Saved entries
•••

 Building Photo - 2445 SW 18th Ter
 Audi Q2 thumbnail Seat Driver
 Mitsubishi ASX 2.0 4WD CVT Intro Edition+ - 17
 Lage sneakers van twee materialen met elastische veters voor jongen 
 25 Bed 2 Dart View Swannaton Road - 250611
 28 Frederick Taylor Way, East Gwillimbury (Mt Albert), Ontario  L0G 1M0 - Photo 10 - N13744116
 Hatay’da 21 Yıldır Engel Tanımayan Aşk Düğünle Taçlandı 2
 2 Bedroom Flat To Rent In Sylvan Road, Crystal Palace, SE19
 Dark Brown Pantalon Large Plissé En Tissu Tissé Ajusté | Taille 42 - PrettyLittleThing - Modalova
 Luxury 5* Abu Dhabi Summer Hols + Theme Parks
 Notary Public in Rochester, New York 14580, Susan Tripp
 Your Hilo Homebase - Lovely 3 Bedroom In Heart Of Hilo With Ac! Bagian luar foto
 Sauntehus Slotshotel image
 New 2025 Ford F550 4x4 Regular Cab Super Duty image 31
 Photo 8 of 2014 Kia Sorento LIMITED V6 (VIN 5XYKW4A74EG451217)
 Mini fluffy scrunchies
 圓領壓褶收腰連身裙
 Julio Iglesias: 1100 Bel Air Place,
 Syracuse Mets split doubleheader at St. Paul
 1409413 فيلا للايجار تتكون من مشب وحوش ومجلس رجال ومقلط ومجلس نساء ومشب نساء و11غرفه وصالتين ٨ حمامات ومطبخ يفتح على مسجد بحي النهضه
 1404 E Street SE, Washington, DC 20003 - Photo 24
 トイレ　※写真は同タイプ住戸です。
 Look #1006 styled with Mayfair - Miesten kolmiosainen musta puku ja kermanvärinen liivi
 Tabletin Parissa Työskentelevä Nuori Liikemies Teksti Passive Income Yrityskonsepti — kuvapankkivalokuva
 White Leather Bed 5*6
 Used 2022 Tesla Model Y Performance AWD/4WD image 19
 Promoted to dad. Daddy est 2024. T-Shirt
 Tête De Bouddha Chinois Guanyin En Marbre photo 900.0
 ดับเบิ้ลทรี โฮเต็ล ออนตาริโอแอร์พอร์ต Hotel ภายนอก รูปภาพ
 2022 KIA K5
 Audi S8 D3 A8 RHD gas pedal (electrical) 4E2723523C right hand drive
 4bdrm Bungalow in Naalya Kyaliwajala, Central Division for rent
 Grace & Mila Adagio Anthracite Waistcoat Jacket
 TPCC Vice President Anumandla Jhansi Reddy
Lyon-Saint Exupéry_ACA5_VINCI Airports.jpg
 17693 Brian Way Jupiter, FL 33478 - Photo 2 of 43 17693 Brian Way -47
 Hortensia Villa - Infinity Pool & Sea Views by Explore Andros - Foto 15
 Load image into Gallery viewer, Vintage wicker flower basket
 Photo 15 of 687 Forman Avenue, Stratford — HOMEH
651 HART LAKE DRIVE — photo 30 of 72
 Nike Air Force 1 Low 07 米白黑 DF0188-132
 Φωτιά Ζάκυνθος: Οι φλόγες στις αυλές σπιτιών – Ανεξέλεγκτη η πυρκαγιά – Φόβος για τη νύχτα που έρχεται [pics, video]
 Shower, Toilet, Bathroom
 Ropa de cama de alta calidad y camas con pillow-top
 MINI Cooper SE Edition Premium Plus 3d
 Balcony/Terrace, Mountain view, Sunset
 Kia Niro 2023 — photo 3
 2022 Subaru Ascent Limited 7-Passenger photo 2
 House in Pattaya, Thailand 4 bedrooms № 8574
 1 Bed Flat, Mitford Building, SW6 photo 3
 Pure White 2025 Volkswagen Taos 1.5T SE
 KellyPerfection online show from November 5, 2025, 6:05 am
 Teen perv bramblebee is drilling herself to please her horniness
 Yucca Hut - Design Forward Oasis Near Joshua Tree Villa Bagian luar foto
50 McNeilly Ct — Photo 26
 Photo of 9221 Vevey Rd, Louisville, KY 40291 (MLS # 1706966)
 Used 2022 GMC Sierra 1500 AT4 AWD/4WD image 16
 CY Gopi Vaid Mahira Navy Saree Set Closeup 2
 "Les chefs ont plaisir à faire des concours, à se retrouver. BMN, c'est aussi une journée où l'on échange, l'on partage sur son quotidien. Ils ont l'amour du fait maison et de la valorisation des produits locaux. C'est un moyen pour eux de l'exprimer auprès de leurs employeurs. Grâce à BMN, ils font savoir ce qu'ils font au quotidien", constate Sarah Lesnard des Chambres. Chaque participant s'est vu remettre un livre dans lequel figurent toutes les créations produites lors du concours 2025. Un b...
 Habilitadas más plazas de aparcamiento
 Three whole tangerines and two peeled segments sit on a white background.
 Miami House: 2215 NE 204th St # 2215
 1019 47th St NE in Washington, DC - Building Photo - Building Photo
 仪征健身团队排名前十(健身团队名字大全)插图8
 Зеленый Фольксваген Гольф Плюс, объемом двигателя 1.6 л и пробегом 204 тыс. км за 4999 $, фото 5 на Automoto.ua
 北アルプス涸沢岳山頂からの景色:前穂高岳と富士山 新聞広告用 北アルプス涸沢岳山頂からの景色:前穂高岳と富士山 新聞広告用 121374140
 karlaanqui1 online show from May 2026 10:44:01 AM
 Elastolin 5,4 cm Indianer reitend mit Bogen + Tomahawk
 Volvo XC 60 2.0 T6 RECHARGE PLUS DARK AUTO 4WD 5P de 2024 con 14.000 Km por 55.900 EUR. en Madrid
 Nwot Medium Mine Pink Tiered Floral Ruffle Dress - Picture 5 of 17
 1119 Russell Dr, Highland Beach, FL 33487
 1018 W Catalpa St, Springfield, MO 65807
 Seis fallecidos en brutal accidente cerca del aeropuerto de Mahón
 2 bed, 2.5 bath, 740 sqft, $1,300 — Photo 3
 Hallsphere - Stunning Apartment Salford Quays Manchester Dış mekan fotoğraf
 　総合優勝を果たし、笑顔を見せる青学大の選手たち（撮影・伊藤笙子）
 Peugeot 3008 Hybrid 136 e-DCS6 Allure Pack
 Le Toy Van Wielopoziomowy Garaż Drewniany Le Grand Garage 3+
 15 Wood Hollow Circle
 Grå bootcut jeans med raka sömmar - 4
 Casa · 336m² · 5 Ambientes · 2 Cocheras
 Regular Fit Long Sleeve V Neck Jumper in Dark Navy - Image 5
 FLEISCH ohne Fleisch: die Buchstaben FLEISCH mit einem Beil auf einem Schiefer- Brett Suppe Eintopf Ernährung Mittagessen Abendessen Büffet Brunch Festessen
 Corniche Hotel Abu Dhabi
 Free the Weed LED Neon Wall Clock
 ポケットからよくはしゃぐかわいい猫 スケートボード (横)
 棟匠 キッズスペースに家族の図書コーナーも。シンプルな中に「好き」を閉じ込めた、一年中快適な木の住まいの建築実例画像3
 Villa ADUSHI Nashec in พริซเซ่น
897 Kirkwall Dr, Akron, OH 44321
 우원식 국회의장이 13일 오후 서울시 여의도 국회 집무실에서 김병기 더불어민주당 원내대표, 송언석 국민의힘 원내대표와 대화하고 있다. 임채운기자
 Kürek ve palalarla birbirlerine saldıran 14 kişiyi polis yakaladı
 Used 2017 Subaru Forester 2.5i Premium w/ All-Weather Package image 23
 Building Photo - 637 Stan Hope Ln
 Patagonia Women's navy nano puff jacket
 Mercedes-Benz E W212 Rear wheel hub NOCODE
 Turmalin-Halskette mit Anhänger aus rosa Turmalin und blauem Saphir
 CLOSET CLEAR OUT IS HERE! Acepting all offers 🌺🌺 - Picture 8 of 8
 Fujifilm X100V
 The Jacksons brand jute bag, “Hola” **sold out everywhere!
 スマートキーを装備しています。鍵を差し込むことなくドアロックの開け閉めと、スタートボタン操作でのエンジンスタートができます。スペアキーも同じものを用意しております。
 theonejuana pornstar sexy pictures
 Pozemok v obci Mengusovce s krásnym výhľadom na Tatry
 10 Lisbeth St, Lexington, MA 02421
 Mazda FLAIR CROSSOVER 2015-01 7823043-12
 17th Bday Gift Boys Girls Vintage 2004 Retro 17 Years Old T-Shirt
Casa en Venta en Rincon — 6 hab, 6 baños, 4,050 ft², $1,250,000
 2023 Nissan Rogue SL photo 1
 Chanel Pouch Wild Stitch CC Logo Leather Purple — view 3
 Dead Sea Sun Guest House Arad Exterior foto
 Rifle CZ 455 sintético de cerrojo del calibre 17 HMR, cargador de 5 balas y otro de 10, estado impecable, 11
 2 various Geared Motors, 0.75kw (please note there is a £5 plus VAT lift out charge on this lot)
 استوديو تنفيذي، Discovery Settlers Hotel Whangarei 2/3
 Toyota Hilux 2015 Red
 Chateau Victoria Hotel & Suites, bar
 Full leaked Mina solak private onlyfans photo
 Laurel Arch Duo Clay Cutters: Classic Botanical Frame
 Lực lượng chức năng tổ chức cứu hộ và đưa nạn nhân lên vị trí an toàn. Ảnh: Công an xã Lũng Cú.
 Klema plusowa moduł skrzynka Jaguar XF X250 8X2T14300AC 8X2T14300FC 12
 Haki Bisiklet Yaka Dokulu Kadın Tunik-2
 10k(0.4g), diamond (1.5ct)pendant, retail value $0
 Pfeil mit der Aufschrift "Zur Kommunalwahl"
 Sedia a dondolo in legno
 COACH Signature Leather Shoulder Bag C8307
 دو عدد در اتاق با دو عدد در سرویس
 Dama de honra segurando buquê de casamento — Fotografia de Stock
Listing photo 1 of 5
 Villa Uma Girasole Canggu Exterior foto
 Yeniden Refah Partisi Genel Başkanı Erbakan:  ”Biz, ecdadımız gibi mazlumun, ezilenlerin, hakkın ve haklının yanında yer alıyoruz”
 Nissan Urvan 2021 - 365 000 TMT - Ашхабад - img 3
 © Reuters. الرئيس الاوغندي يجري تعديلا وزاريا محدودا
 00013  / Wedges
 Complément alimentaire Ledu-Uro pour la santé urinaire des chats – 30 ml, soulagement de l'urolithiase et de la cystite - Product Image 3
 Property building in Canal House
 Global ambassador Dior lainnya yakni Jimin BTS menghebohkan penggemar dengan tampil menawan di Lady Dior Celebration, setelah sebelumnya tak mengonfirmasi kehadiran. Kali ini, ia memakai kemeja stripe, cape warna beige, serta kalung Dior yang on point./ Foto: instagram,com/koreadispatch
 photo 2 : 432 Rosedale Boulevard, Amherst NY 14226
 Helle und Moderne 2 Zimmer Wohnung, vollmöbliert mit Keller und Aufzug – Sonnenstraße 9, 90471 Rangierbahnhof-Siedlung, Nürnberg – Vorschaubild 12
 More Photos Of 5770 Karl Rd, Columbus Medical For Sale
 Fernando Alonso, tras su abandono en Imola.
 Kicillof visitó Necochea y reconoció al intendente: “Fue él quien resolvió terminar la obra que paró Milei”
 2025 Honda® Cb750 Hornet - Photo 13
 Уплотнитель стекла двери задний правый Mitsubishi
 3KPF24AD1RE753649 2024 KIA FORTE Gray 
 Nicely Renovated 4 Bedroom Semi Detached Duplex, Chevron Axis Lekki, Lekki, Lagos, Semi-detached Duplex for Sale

•••

◆ **THE PROBLEM**: Look above for the line holding "Fujifilm X100V" and the line holding "Chanel Pouch Wild", then output exactly those two lines and every line between them, nothing more.

◆ **WRITTEN SOLUTION**:
 Fujifilm X100V
 The Jacksons brand jute bag, “Hola” **sold out everywhere!
 スマートキーを装備しています。鍵を差し込むことなくドアロックの開け閉めと、スタートボタン操作でのエンジンスタートができます。スペアキーも同じものを用意しております。
 theonejuana pornstar sexy pictures
 Pozemok v obci Mengusovce s krásnym výhľadom na Tatry
 10 Lisbeth St, Lexington, MA 02421
 Mazda FLAIR CROSSOVER 2015-01 7823043-12
 17th Bday Gift Boys Girls Vintage 2004 Retro 17 Years Old T-Shirt
Casa en Venta en Rincon — 6 hab, 6 baños, 4,050 ft², $1,250,000
 2023 Nissan Rogue SL photo 1
 Chanel Pouch Wild Stitch CC Logo Leather Purple — view 3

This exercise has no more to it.